■ WHAT IS EXPECTED: Reproduce only this range: the line holding "1-25-17-art-museum-sm" through the last line of the data below, both included, exactly, with no pictures.

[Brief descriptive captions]

------------------------

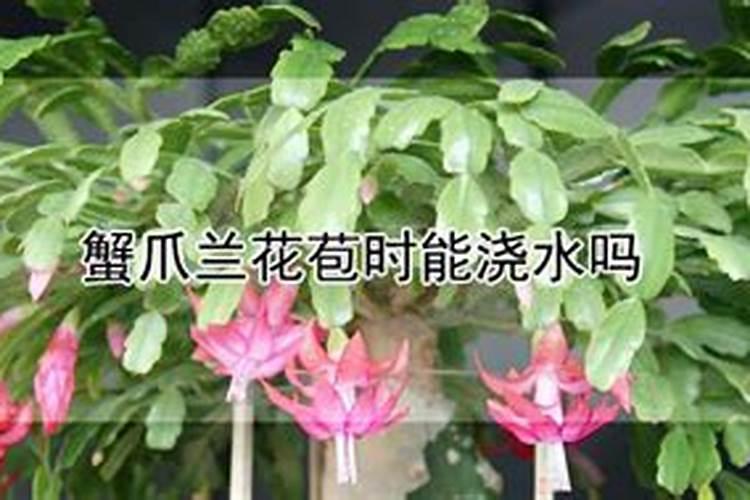 蟹爪兰有花苞能施肥吗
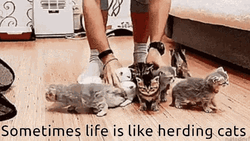 Sometimes Life Is Like Herding Cats Quotation GIF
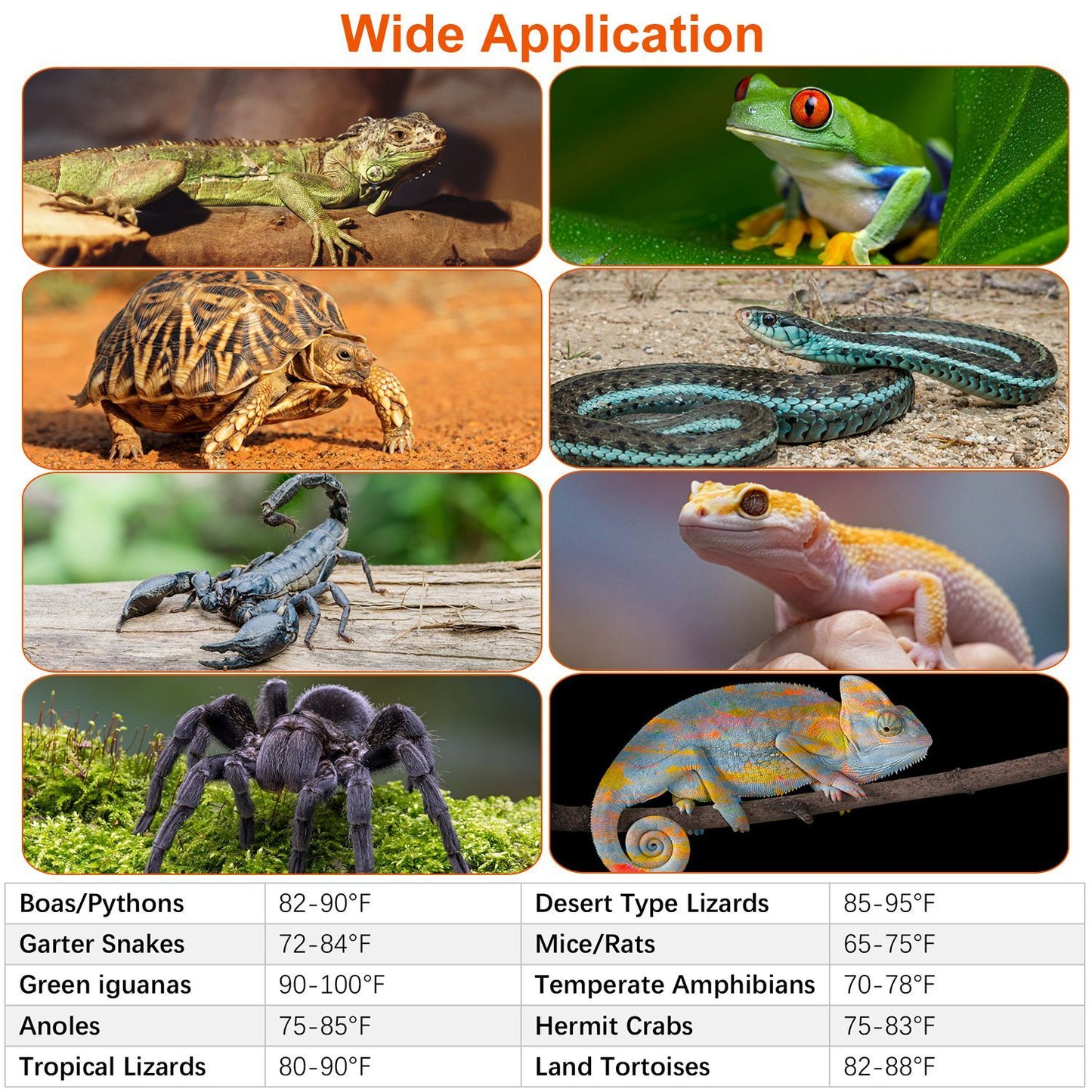 Collage of reptiles and amphibians with a table of recommended temperature ranges for different species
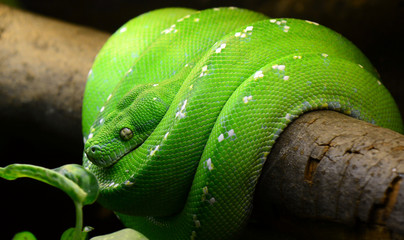 Green tree python - 78558607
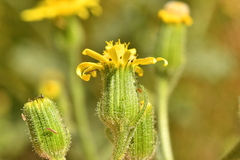 Senecio viscosus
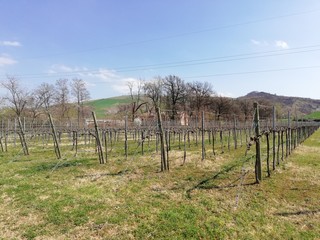 rows of a vineyard in the early spring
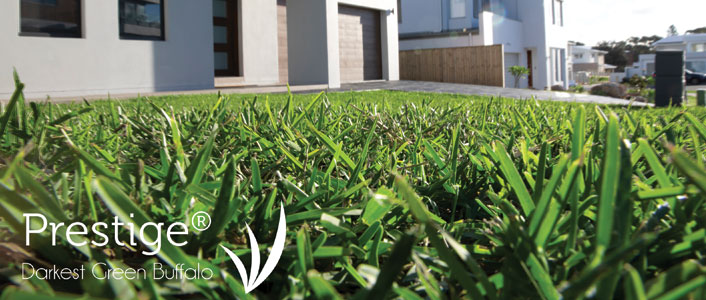 prestige-buffalo-tarcoola-turf-wagga-wagga prestige buffalo lawn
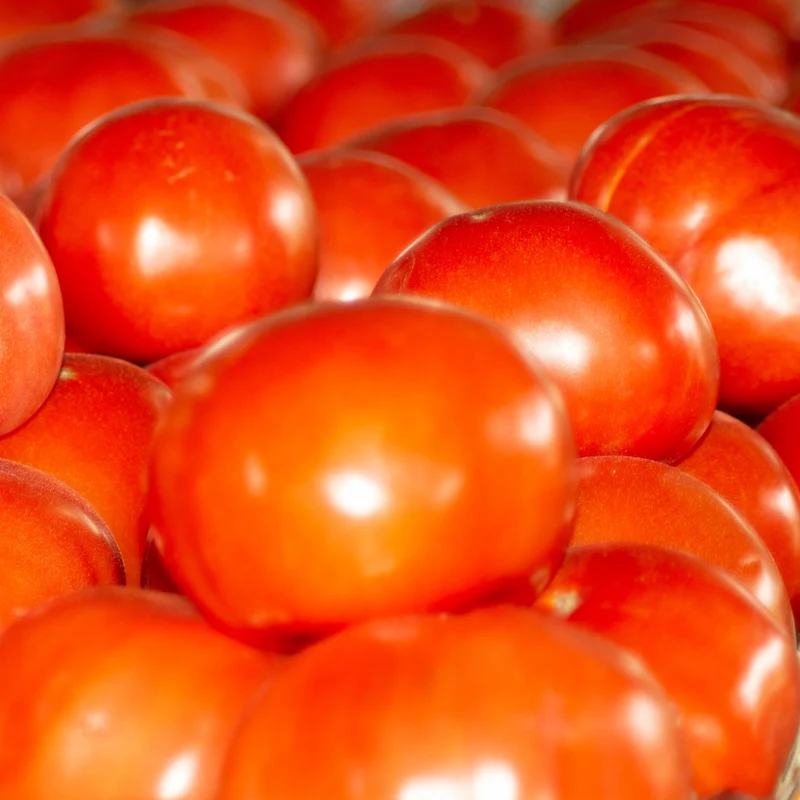 Tomate rouge ( Solanum lycopersicum ‘Tasti-Lee’)
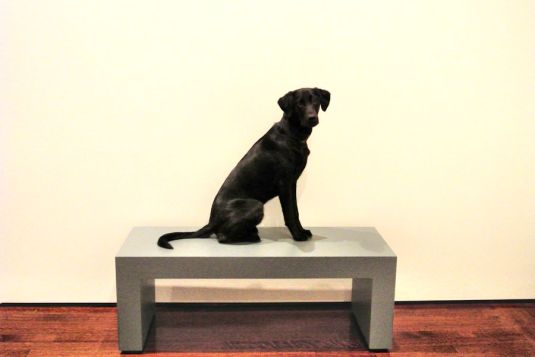 1-25-17-art-museum-sm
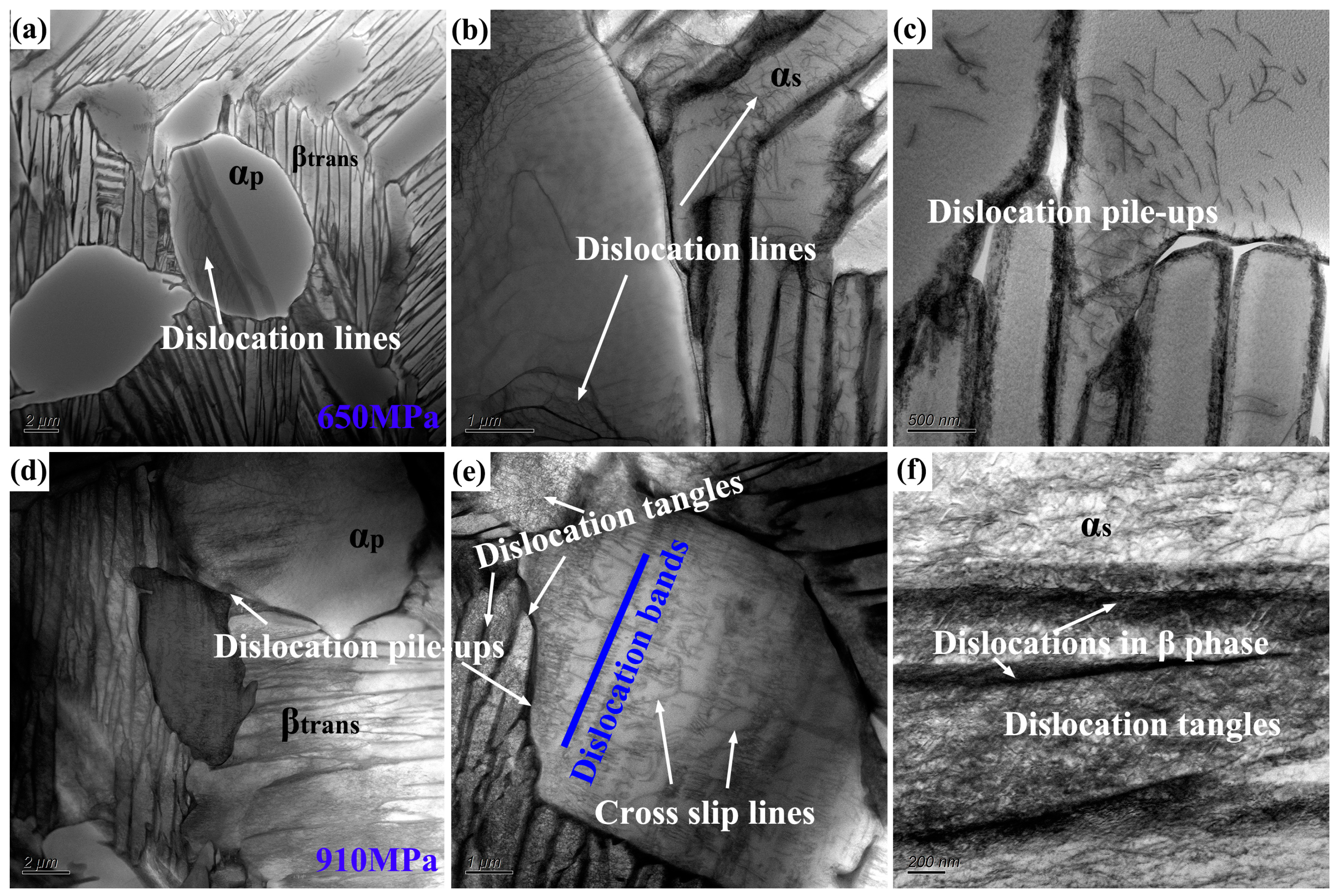 Metals 14 00720 g011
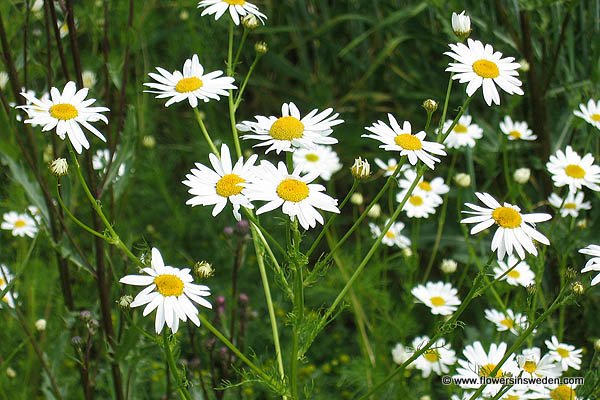 Bloemen in Zweden, Natuur, Reizen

------------------------

■ RESPONSE FOR THIS EXERCISE:
 1-25-17-art-museum-sm
 Metals 14 00720 g011
 Bloemen in Zweden, Natuur, Reizen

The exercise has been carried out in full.